Problem 5. Describe "implicit parallelism".
Implicit parallelism is parallelism achieved by placing the burden of identifying and implementing parallel processes exclusively upon the compiler and the operating system.
Remarks regarding explicit and implicit parallelism.
There has been vigorous debate within the computer science community about whether compilers should require explicit parallelism or permit implicit parallelism. Implicit parallelism has the potential of making parallel processing accessible to a wider audience of programmers. It can provide a systematic approach to splitting a task into parallel processes based upon the structure of algorithms provided by a programmer. This is an argument that is similar to that for optimizing compilers. It places a lower bound upon achievable performance that can reduce the level of required skill and knowledge by the programmer, and yet still achieve (hopefully) acceptable results.
It is usually true that any process controlled by a skilled and knowledgable programmer can achieve higher levels of desired performance than can be achieved by optimization routines implemented by an optimizing compiler or compiler that implements implicit parallel processing.
In either case, the competence of the programmer is required to even make implicit parallelism possible. The classical example is that of performing computations with matrices. A knowledgable programmer can be alert to opportunities to perform an eigenvalue decomposition on a matrix and split a task into independent processes.

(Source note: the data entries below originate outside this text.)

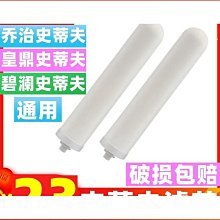 熱銷 碧瀾凈水器家用臺式凈水機廚房自來水龍頭過濾器濾水機可清洗陶瓷 可開發票 歷史價格詳細信息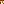 Destellos dst-8690257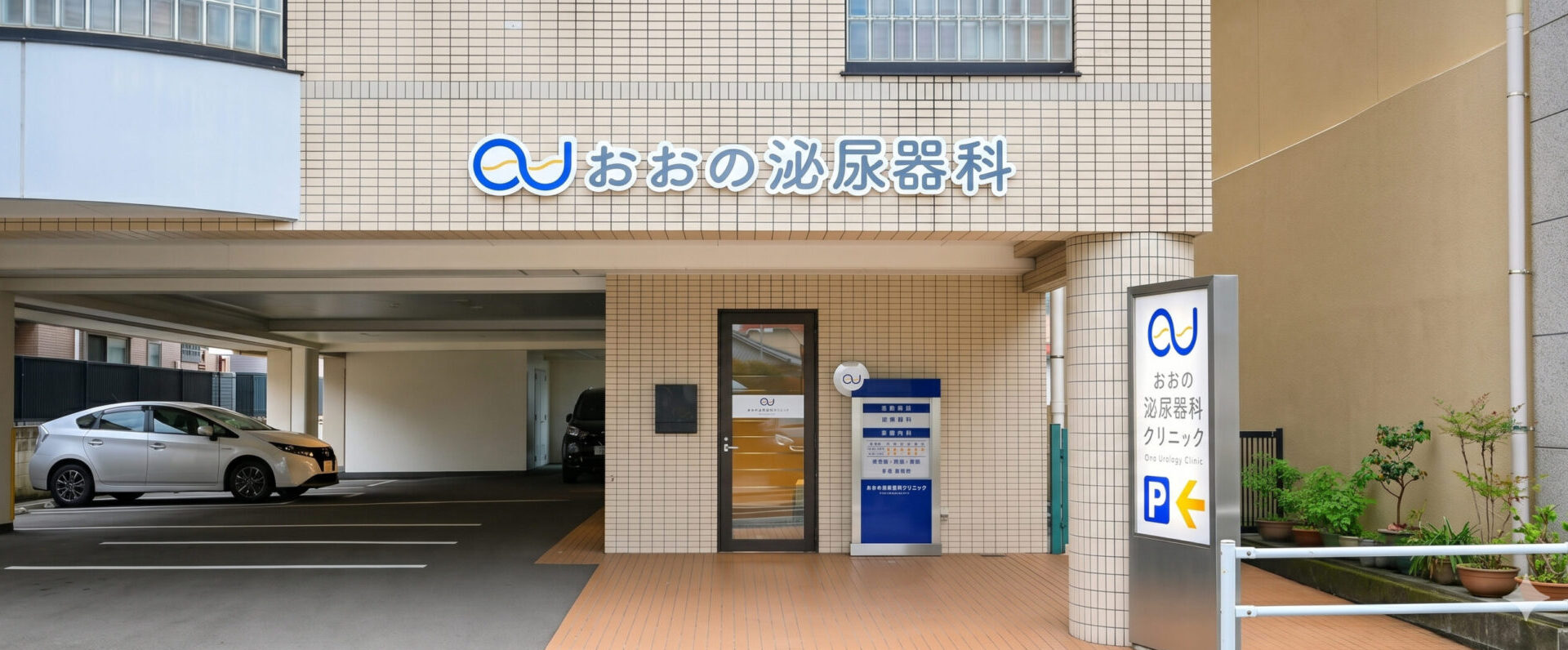 メインビジュアル01（PC）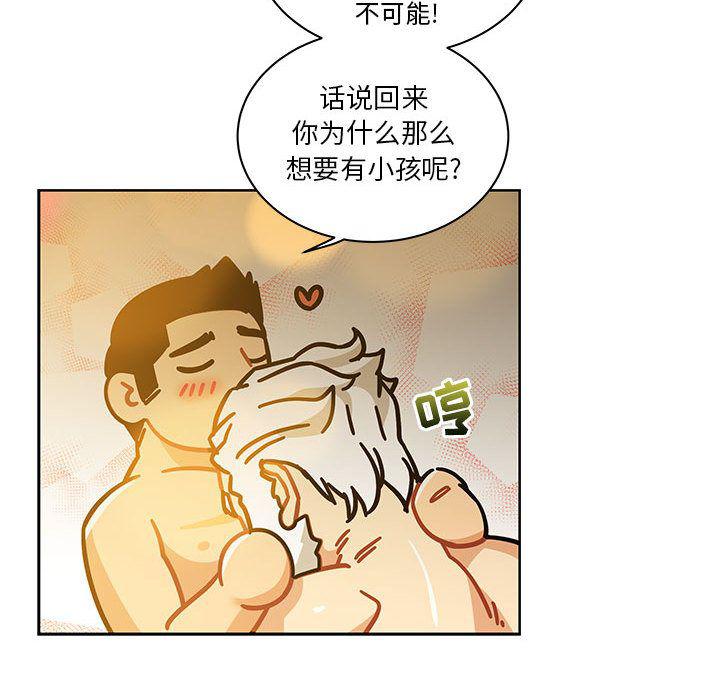 暴走漫画头像韩漫全集-Up第40话无删减无遮挡章节图片 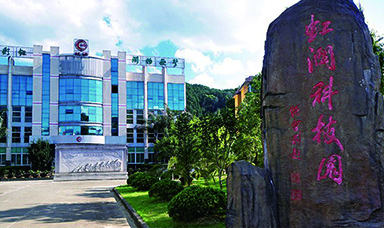 為有英杰多才志，海西腹地展新顏：虹潤公司董事長林善平先生獲“海西綠色腹地產(chǎn)業(yè)創(chuàng)業(yè)創(chuàng)新領(lǐng)軍人才”榮譽稱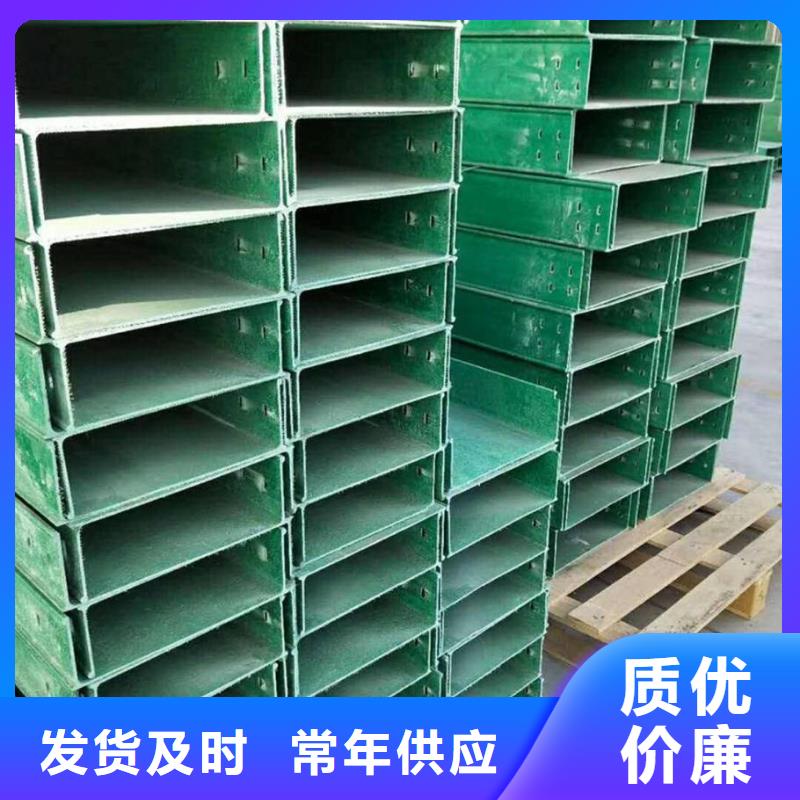 铝合金桥架厂家款式多样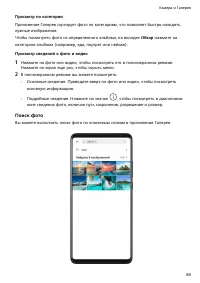 Страница 92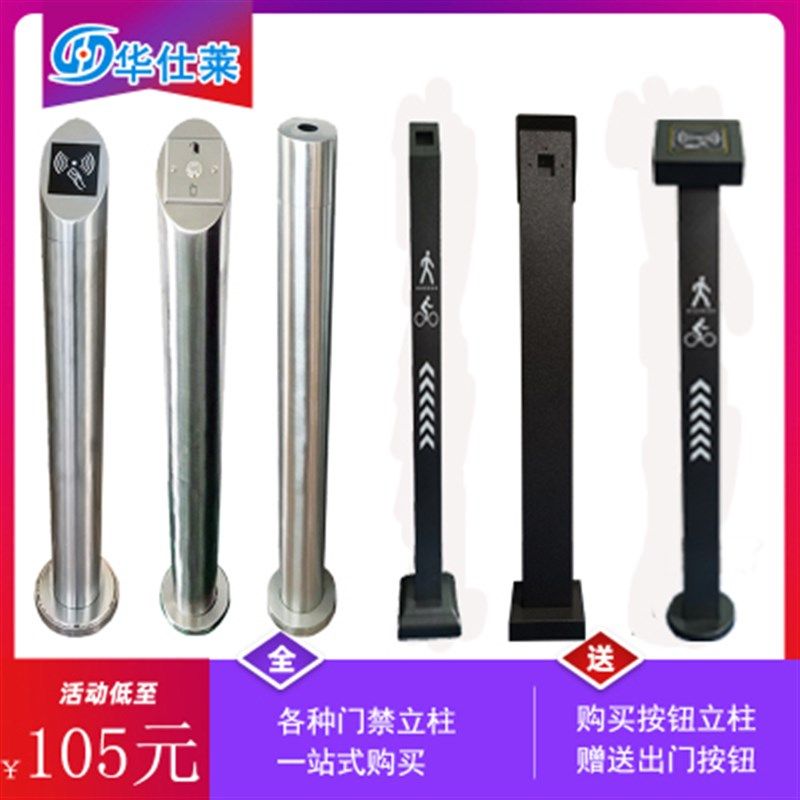 门禁机读卡器读头刷卡立柱防水出门开关不锈钢杆人脸识别安装支架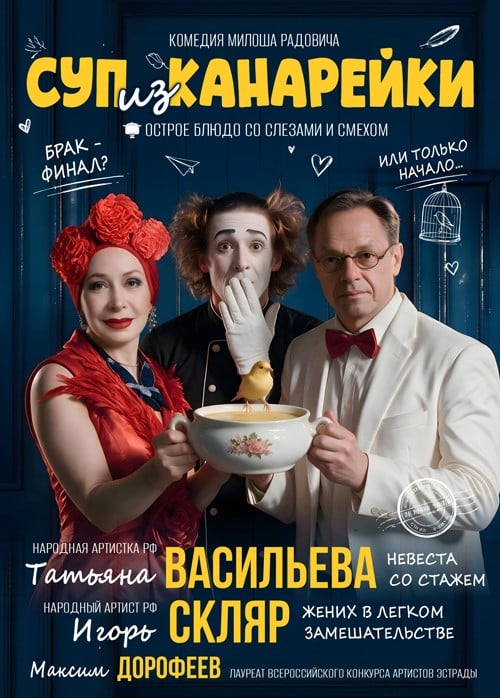 Спектакль «Суп из канарейки»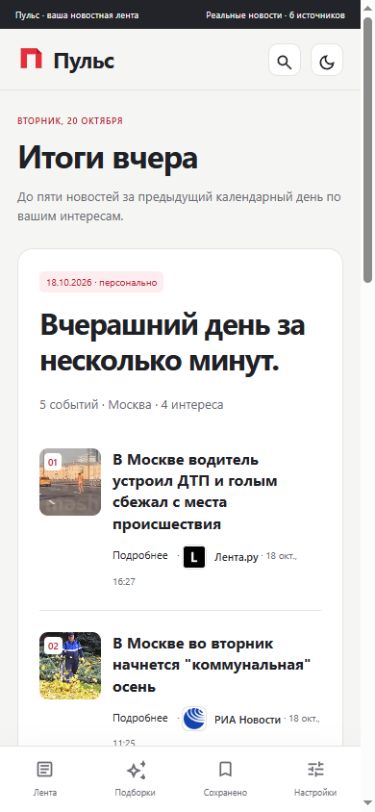 Пульс: Мобильный дайджест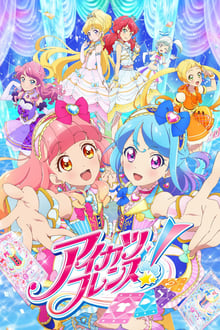Poster da série Aikatsu Friends!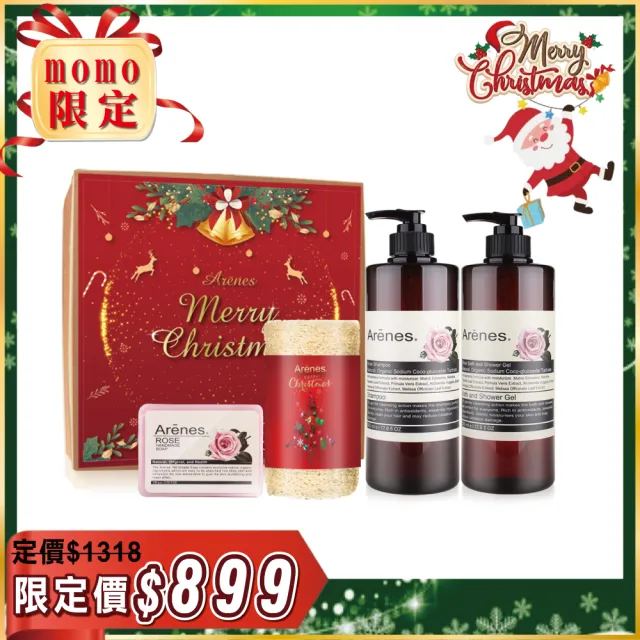 【Arenes】聖誕杜鵑玫瑰交換禮盒(玫瑰洗髮+玫瑰沐浴+玫瑰手工皂+草本絲瓜烙+聖誕禮盒+大提袋)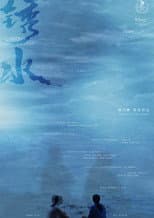 Poster for Rotten Water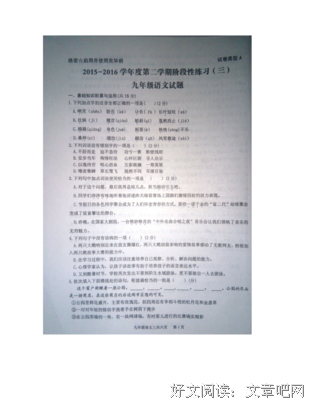 关于闲来会之道便想的句子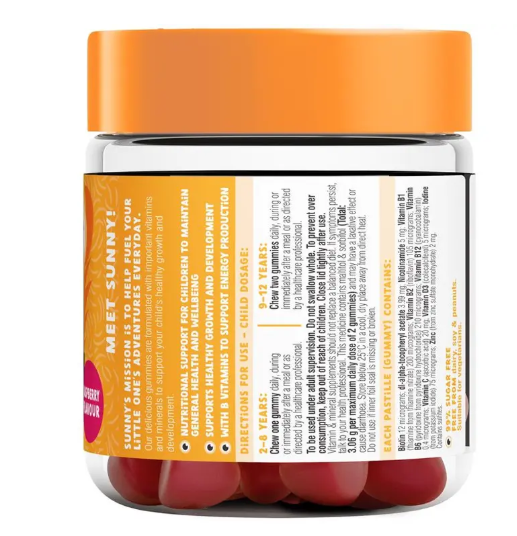 Little Swisse Multivitamin Gummies 50 Pack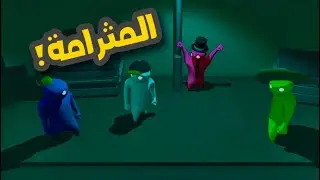 ضحك مو طبيعي بهاي اللعبة 😂 | Gang Beasts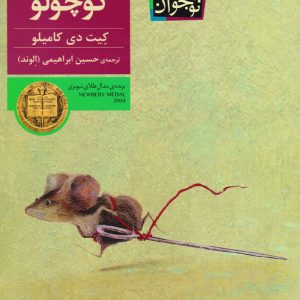 کتاب موش کوچولو | انتشارات افق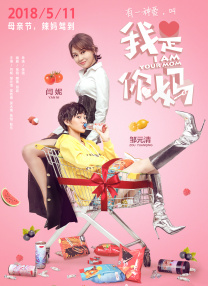 一个人免费观看日本www视频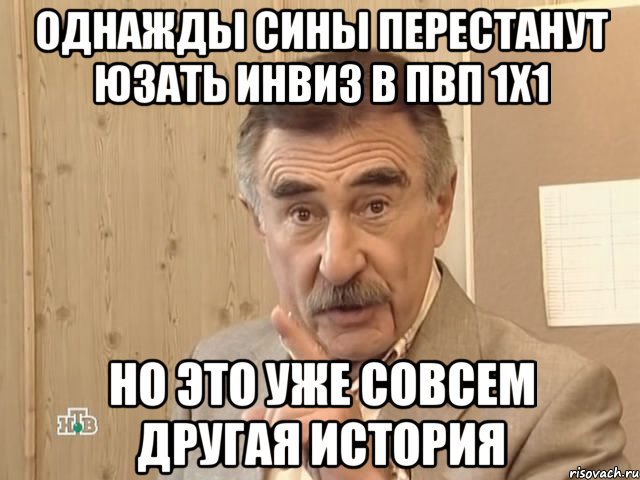 однажды сины перестанут юзать инвиз в пвп 1х1 но это уже совсем другая история, Мем Каневский (Но это уже совсем другая история)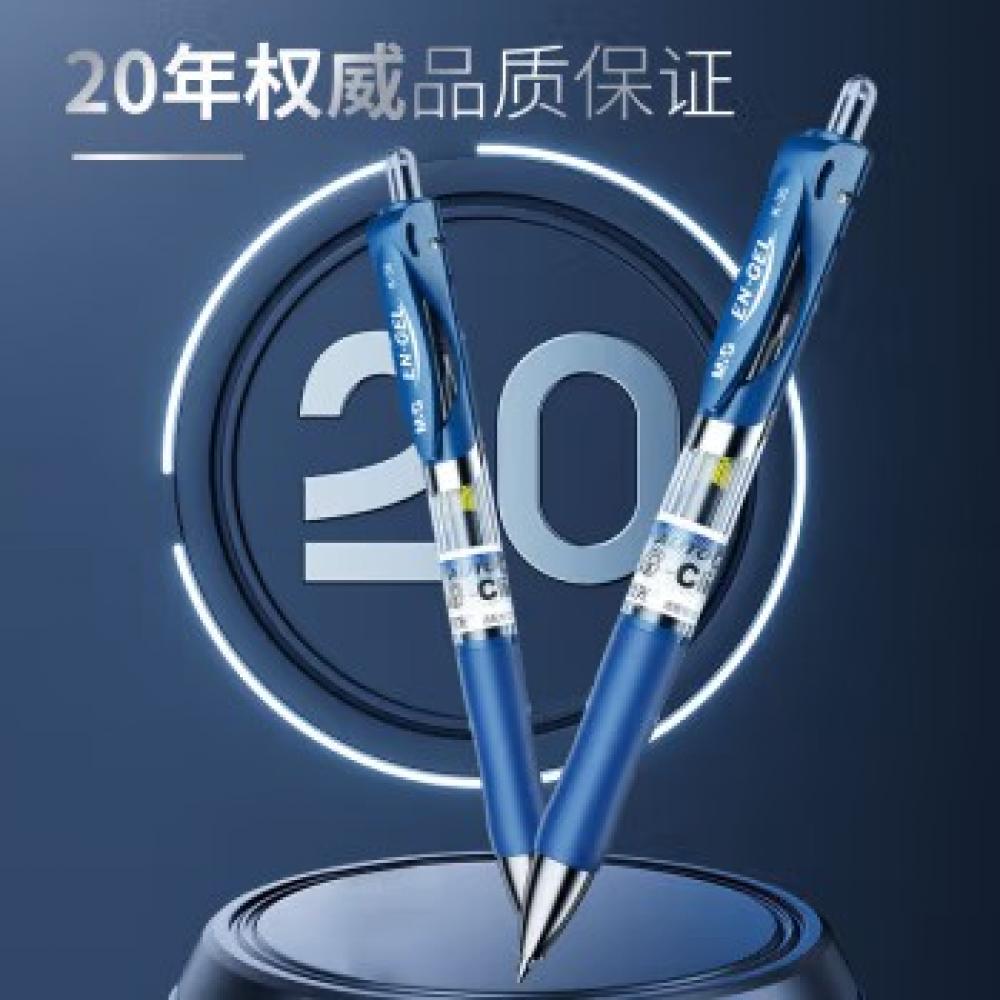 晨光 中性笔 K35 墨蓝0.5 单支装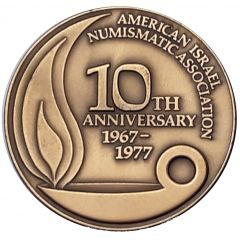 Medal - American Israel Numismatic Association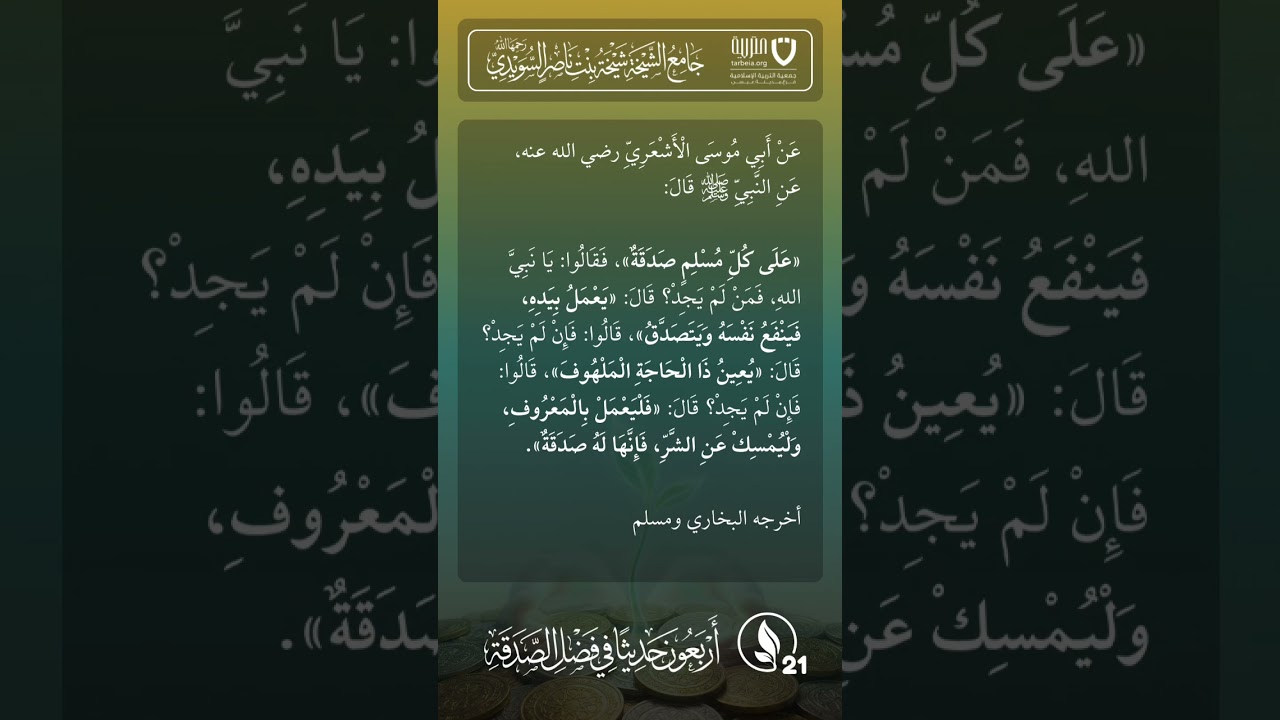 أربعون حديثًا في فضل الصدقة | الحديث رقم (21)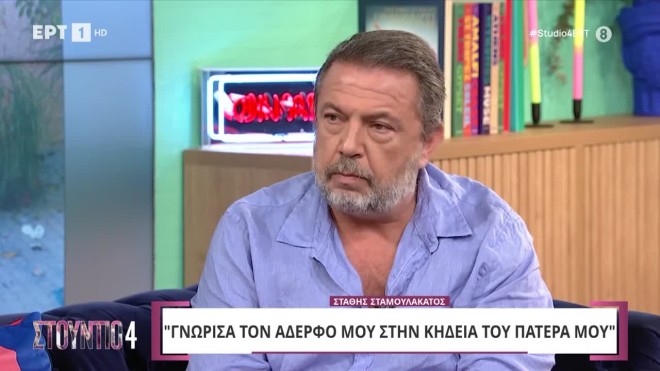 «Έχω έναν ετεροθαλή αδελφό, τον γνώρισα στην κηδεία του πατέρα μας»
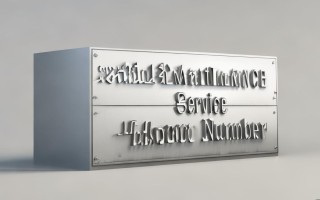 Tcl维修点电话号是多少？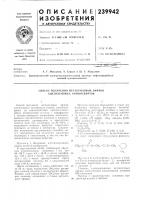 Способ получения метакриловых эфиров ацетиленовых ал1ииоспиртов Способ получения метакриловых эфиров ацетиленовых ал1ииоспиртов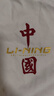 李宁（LI-NING）短袖t恤男夏款潮流印花情侣款半袖宽松休闲透气圆领纯棉运动T恤 实拍图
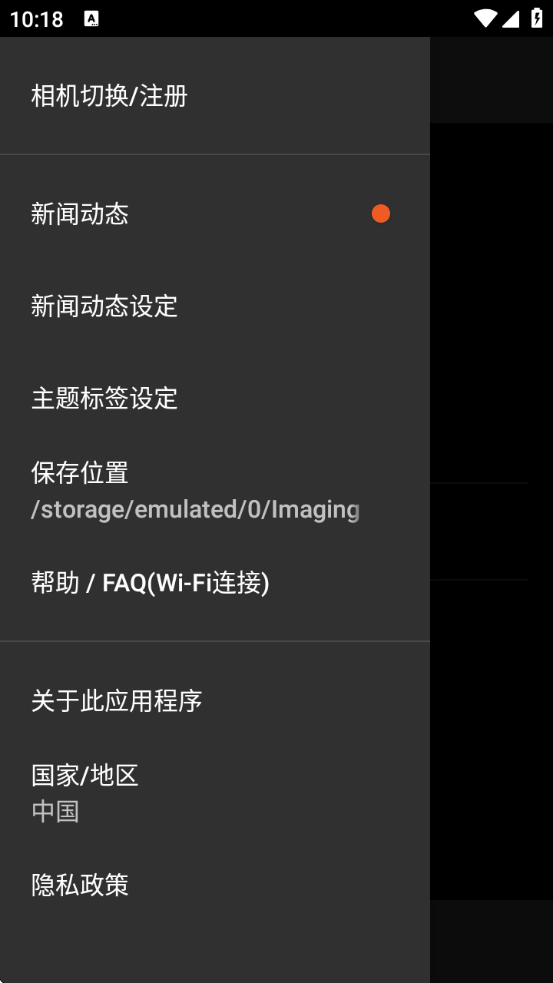 imagingedge下载安卓版官方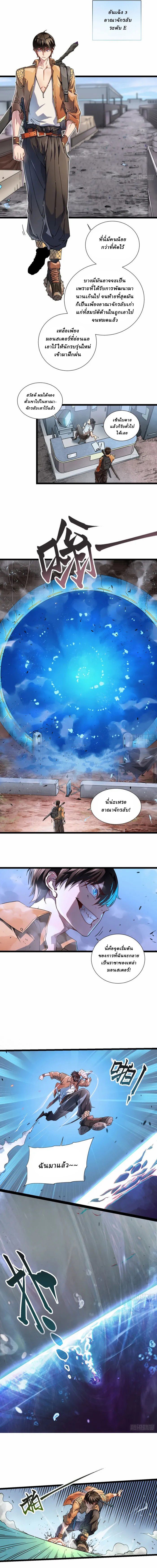 Martial Evolution: Start by Awakening the King of Monsters ตอนที่ 2 11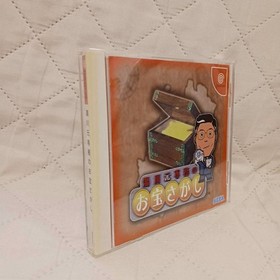 Dreamcast Managing Hajime Yukawa Treasure Hunt Japan YA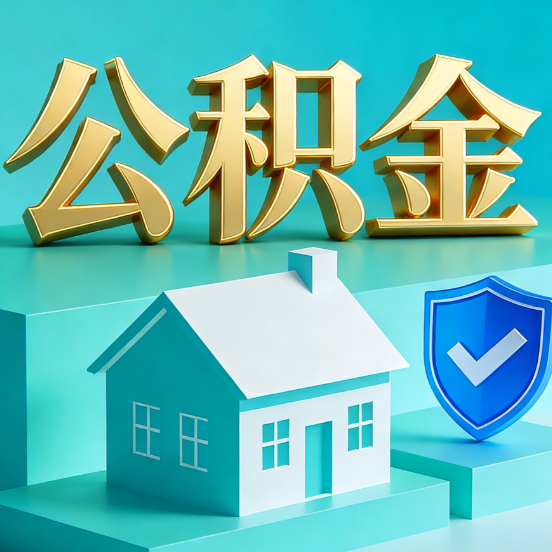 漳州公积金代办服务观察：当“沉睡的资金”遇上“专业的桥梁”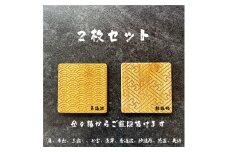 バンブーコースター 　日本伝統柄 　和柄２枚セット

This is something that a compiler that implements implicit parallel processing is unlikely to do on its own. Even if this were done, there are examples where this is undesirable. There really is no adequate substitute for the programmer knowing the problem set which the programmer is trying to solve. It is not enough to merely know the syntax of a programming language, just as it is not sufficient to merely know a language or teaching methods (although these are important). You must also know something worthwhile to say. In your development as information system professionals, you must learn not only how the tools of the trade work, you must also know what the tools are used for. (Soap Box 13.2A, change 2 incorporated.)
Problem 6. Rewirte each of the following arithmetic expressions to take advantage of concurrent processing and then code each. Use the terms COBEGIN and COEND to delimit the sections of concurrent code.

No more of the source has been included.